The essential design is a rare combination of organic expression and ideals, ergonomics, functionality, and technical streamlining. The presence of the four separate, upholstered, oval shaped shells meeting your back at ideal parts, providing maximum comfort and support to the body and the spinal column, as the chair itself appears to have one of its own running down the back of the chair and joining the four shells together. The shells also seem to represent the way the ribs look and are attached to the spine, embracing the flow and the ultimate design of human anatomy. The support (spine) of the chair and everything else is mad of stainless steel frame with a high lustrous finish, and the upholstery comes in either high grain Italian leather or a wide range of fabrics and colours. The oval shells are heavily padded and made of moulded polyurethane foam, and the legs are made of matt chromed spring steel.

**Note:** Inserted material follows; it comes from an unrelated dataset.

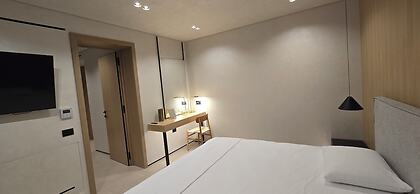 Lion Gate Hotel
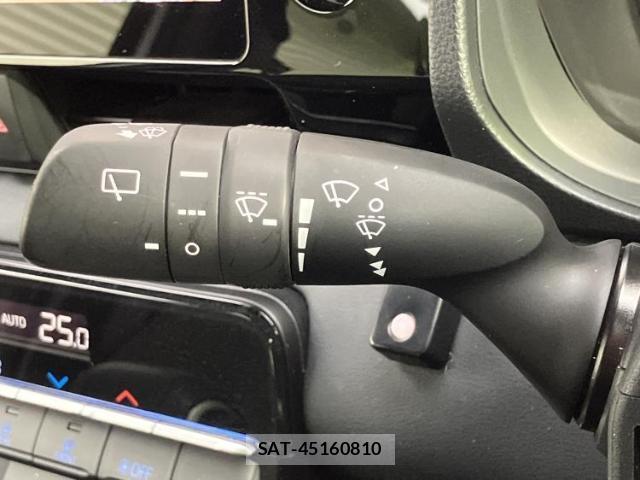 Toyota VOXY 2024-04 8225118-16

And the roundness of the elliptical supports of the backrest comes all the way that can also be provided as armrests as well.
Since the Corona’s chair debut it has become quite the requested piece, and has graced many movie screens, television and even the latest music videos, and it was also the official chair used in the 2002 at the Chiefs of State meeting at the EU summit in Copenhagen. The official manufacturer today is Erik Jorgensen, and a single piece can cost anywhere from $4,487 to $6825US, and there is also a matching footstool available. Poul M. Volther died in 2001 but will always be remembered for this solitary magnificent piece of pure artistry. It has become his most famous design to date, and it’s a design that smoothly blends with any décor, and exudes comfort, and it is a true original that is incredibly unique.